The caramelised onion and sesame seeds were prettily tiled on the chocolate biscuit/wafer, and an interesting flavour combination of sweet, a little bit of tanginess, and a chocolate hit. The wafer had the texture of a meringue, crisp, but with a bit of give. The caramelised onion was soft but not mushy. The sesame seeds were slightly toasted so they imparted crunch.
The tea smoked raw beef was also prettily plated, with garlic flowers set on top to make it more than a pile of red. The meat was thicker sliced than for a carpaccio, and rolled as a roulade form rather than spread out in a typical carpaccio presentation. The rye added crunch. The meat had a subtle smoke flavour that wasn’t overpowering. The capsicum was cooked until it was soft, and was also present in jam form spread on top. There were smears of house-made XO sauce on it as well, which added a pungent, umami flavour.
The roasted corn kernels still had crunch to them, and their natural sweetness was enhanced by a bit of smokiness from the roasting. There was just enough chilli to impart a bit of heat without it being unpleasantly scorching. (The chilli didn’t particularly taste fermented.) There was a bit of milkiness from the bone marrow without it all being soggy.
The duck arrived with beetroot slices draped over it like folds of a robe. It was nicely cooked, still pink in the middle and tender. The blocks of cooked young plum had a texture much like cooked beetroot, without the tang. The pickled quandong was definitely a contrasting flavour, a little punch of sour and bitter, fortunately only in a very small amount.
The salted meringue hid what was beneath like great white wings. When lifted away, they revealed piped mounds of sweet potato, impossibly smooth, and slightly caramel in flavour. The sweet flavours brought out the honey’s slightly salty richness. There was a spiced shortbread crumb sprinkled over the top, but it couldn’t really be tasted over the other components. The buffalo ricotta added creaminess. The salted meringue wafer had just that bit of attenuated crunch on the outside, and then melted away on the tongue. A bit of everything on a small segment of it made for an interesting, rich mix of sweet and savoury.
The umami custard was also very smooth. It didn’t actually have umami flavour, but was chocolatey from the cocoa powder blanketing it. It was firmer than a panna cotta. The fresh blueberries underneath gave the dish a subtle sweetness.

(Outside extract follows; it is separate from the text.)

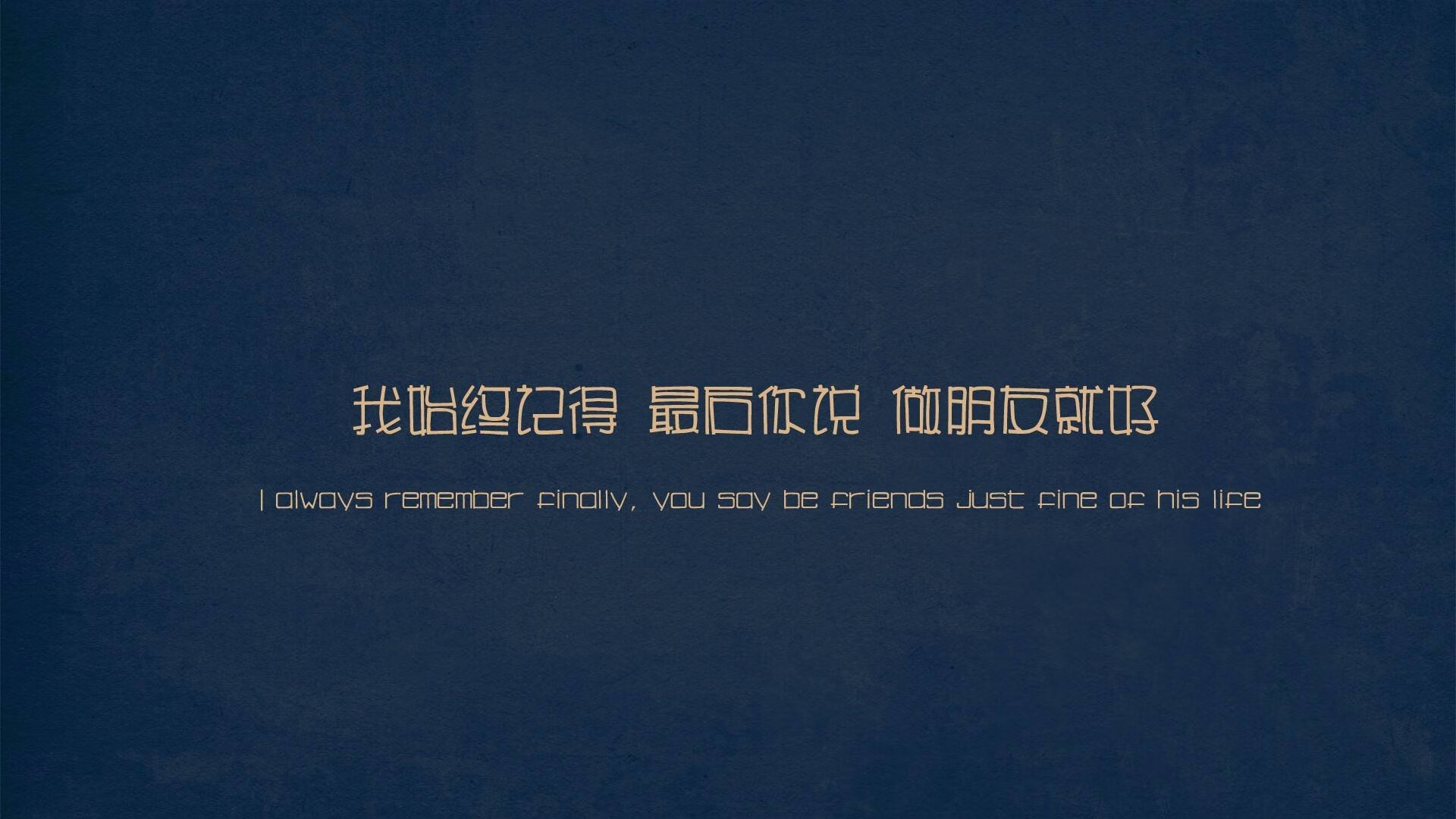 铁幕下的奇迹，一场颠覆世界杯格局的唯一之战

The waitstaff were lovely. They came to the table when we appeared perplexed, and made dishes and cutlery disappear, to be replaced by new ones between courses. Our water glasses were never empty (or only briefly). They explained the dishes as they were brought to us, and were helpful when we had any questions about the food.
All in all, it was interesting food, well prepared and well presented, in a nice environment. Gauge is definitely on the list to return to to try other dishes.
Value: Very good. High quality food that doesn’t cost the sky.
Address: 77 Grey Street, South Brisbane
Phone: 07 3852 6734
Website: So hip it doesn’t have one. Even sibling store Sourced Grocer has the most minimalist of sites.